The problem
Given two real symmetric positive definite matrices $\Sigma_1$ and $\Sigma_2$, and real positive diagonal matrices $A_1$ and $A_2$, I want to compute the inverse of the product
$$ C = A_1 \cdot \Sigma_1 \cdot A_1 \cdot A_2 \cdot \Sigma_2 \cdot A_2 $$
efficiently, knowing $\Sigma_1$ and $\Sigma_2$ beforehand.
What I already do
The first step I can do is to compute $\Sigma_1^{-1}$ and $\Sigma_2^{-1}$. Then, when I get $A_1$ and $A_2$, I need just to invert their diagonal elements, compute $A_1^{-1} \cdot \Sigma_1^{-1} \cdot A_1^{-1}$ and $A_2^{-1} \cdot \Sigma_2^{-1} \cdot A_2^{-1}$ by multiplying the columns and rows of $\Sigma_1^{-1}$ and $\Sigma_2^{-1}$ by appropriate elements (efficient multiplication by diagonal matrices) and then compute the resulting product
$$ C^{-1} = \left( A_2^{-1} \cdot \Sigma_2^{-1} \cdot A_2^{-1} \right) \cdot \left( A_1^{-1} \cdot \Sigma_1^{-1} \cdot A_1^{-1} \right) $$
I can also collapse $A_2^{-1} \cdot A_1^{-1}$ to avoid one multiplication by a diagonal matrix.

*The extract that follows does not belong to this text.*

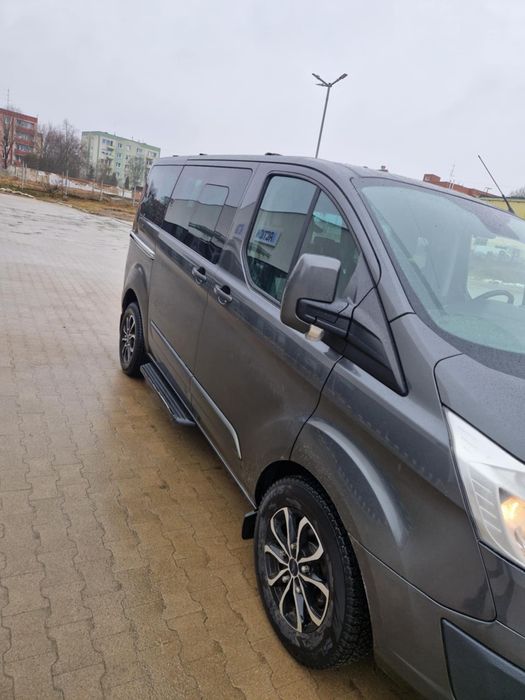 Ford Custom Tourneo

Though, when I have matrices big enough (say, $10^3 \times 10^3$), this last multiplication is still a significant performance issue, despite I don't invert the $C$ matrix anymore, but only multiply two matrices to get $C^{-1}$. The complexity of matrix inverse is almost the same as the matrix multiplication complexity.
I would like to get rid of the multiplication of $\Sigma_1$ and $\Sigma_2$ (during actual computation of $C^{-1}$) by computing something beforehand.
General problem
As the final result, I would like to be able to compute the products like the following efficiently, knowing all $\Sigma_i$ beforehand (able to compute everything I need for them before the inverse, but don't know $A_i$ beforehand)

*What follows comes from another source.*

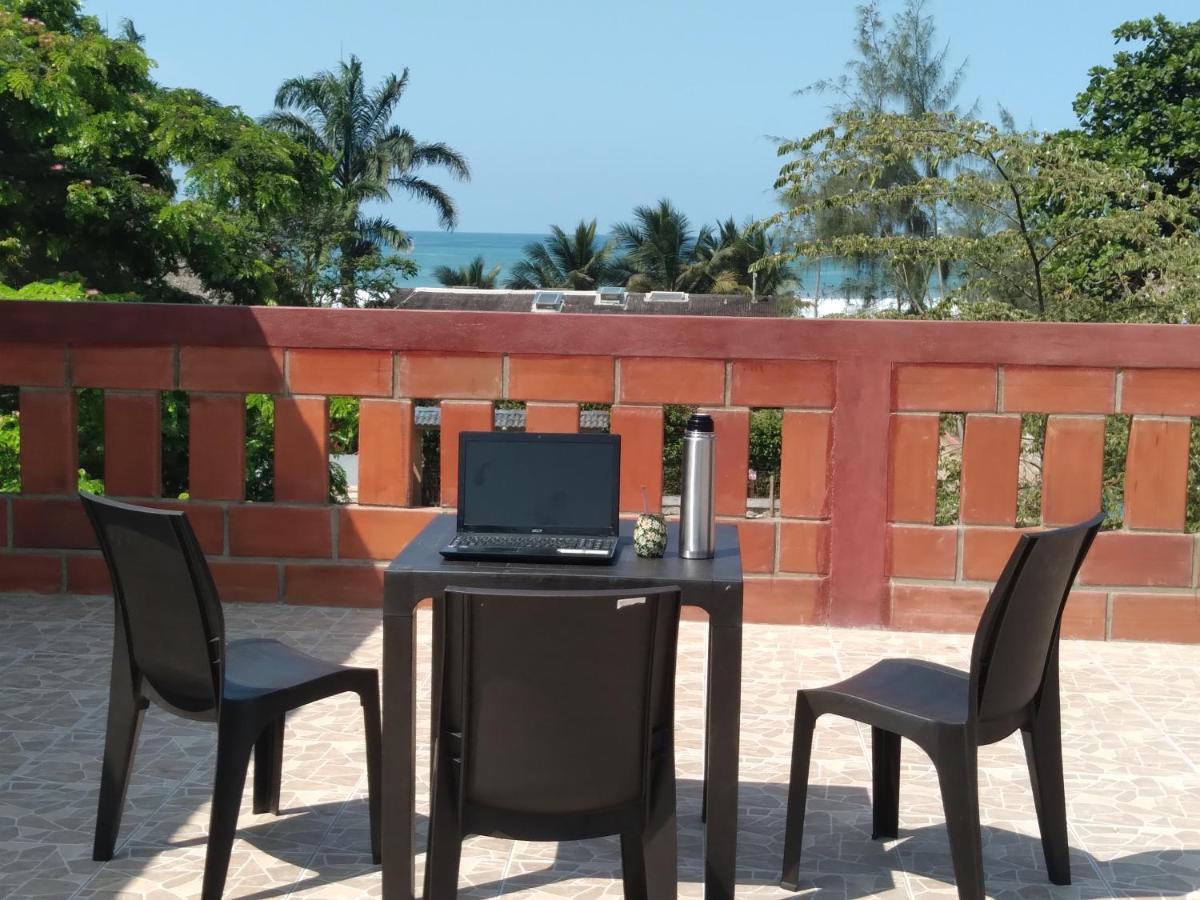 Hostal Casa Taisha Montañita Kültér fotó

$$ C = A_1 \cdot \Sigma_1 \cdot A_1 \cdot A_2 \cdot \Sigma_2 \cdot A_2 \cdots A_n \cdot \Sigma_n \cdot A_n. $$
Regarding the original ($n=2$) problem: it would suffice to be able to quickly compute the product $\Sigma_{2}^{-1} (A_2^{-1}A_1^{-1})\Sigma_1^{-1}$. In other words, given known matrices $P,Q$, we would like to efficiently implement a function that produces the product $PDQ^T$ for the diagonal matrix input $D$ (the transpose redundant in your case, but is convenient for what follows).
Let $m$ be the size of these matrices. Let $p_1,\dots,p_n$ denote the columns of $P$, and let $q_1,\dots,q_n$ denote the columns of $Q$. Let $d_1,\dots,d_m$ denote the diagonal entries of $D$. We can compute $$ PDQ^T = \sum_{k=1}^m d_k \cdot p_kq_k^T. $$ If $P$ and $Q$ are already known, then rank 1 matrices $p_kq_k^T$ can be computed in advance.
Another approach that you might like is as follows: we have $$ \operatorname{vec}(PDQ^T) = (Q \otimes P)\operatorname{vec}(D) $$ where vec denotes vectorization and $\otimes$ denotes a Kronecker product. In other words, we can reduce the desired multiplication to multiplying the $m^2 \times m^2$ matrix $P \otimes Q$ by a sparse vector $\operatorname{vec}(D)$ (which has at most $m$ non-zero entries).
I'm not sure what algorithms exist for such computations, but I suspect that there is something out there for this kind of situation.